§ **Requirement**:
From the first line of the listing, copy each line exactly until you have included the line with "Napoli's Dries Mertens"; leave out the pictures.

Segment Start: Data block

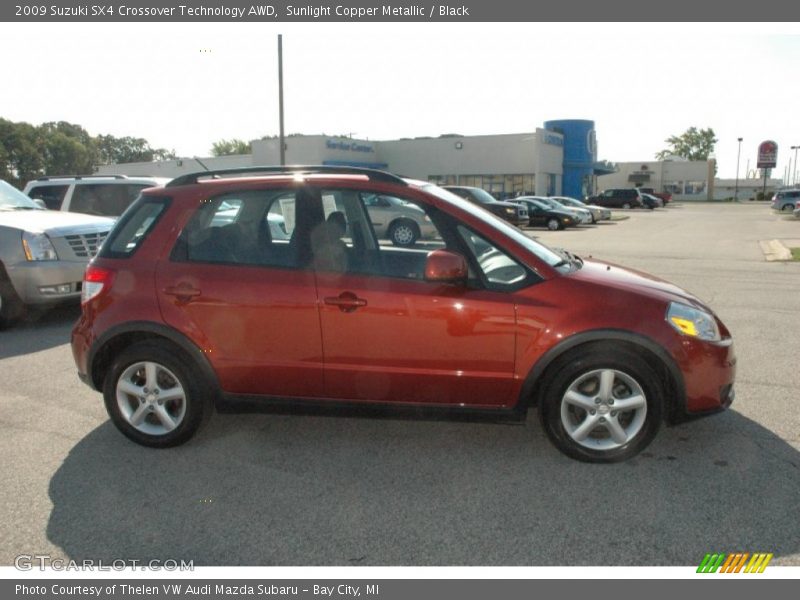 Sunlight Copper Metallic / Black 2009 Suzuki SX4 Crossover Technology AWD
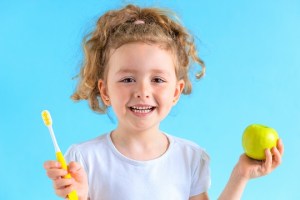 Child holding apple and toothbrush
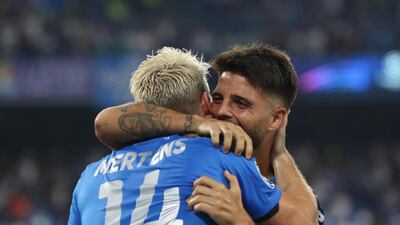 Napoli's Dries Mertens celebrates with teammate Lorenzo Insigne after converting a penalty. EPA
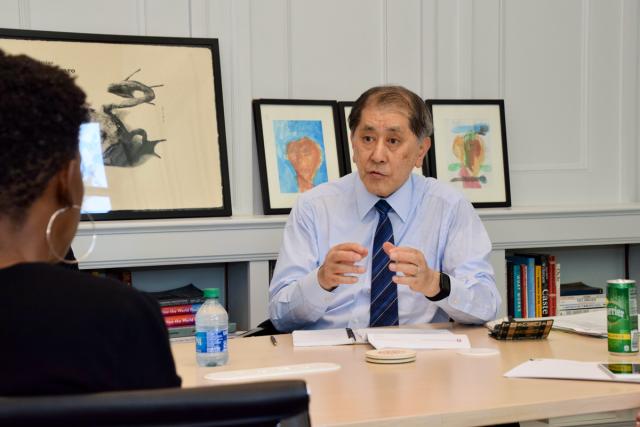 Male wearing a tie speaks at table in office setting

Segment End: Data block

§ **The completed task**:
 Sunlight Copper Metallic / Black 2009 Suzuki SX4 Crossover Technology AWD
 Child holding apple and toothbrush
 Napoli's Dries Mertens celebrates with teammate Lorenzo Insigne after converting a penalty. EPA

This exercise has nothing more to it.